Via Hot Air.
The Michael Kinsley definition of politcal gaffe is the accidental telling of an embarrassing truth — and if that’s the case, Jerry Brown committed the ultimate gaffe. Only Brown didn’t commit the gaffe in this campaign; he committed it fifteen years ago in an interview with CNN. Brown told the network that politicians in his experience don’t really have plans for governing, or at least specifically in his own experience. He admitted that he lied in order to win election in 1974, and Meg Whitman pounces on it in this eleventh-hour ad:
Transcript:
Interviewer: You said something a moment ago that I have to follow up on and I have to draw you out on. You said you don’t have to lie anymore now that you’re not a politician. What did you lie about when you were governor?
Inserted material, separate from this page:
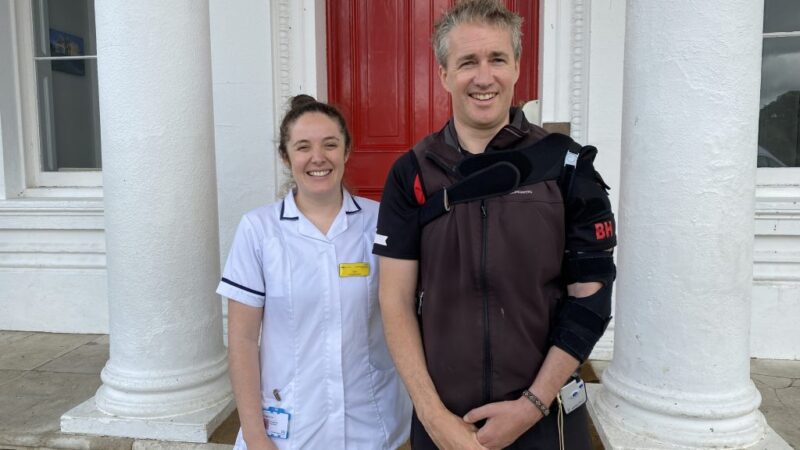 Photo-of-Mark-Forsyth-and-Zoe-Manchip-1-1024x768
Jerry Brown: It’s all a lie. You’re pretending there’s a plan…
Interviewer: What did you lie about?
Jerry Brown: You run for office and the assumption is “Oh, I know what to do”. You don’t. I didn’t have a plan for California. Clinton doesn’t have a plan. Bush doesn’t have a plan.
Interviewer: You said you had a plan for California and you lied because you didn’t have a plan?
Jerry Brown: You say you’re going to lower taxes, you’re going to put people to work, you’re gonna improve the schools, you’re going to stop crime… crime is up, schools are worse, taxes are higher. I mean be real!
the hardest hitting ad to date because Whitman is using Brown's own words, his own confession about telling whatever lies he has to in order to win an election.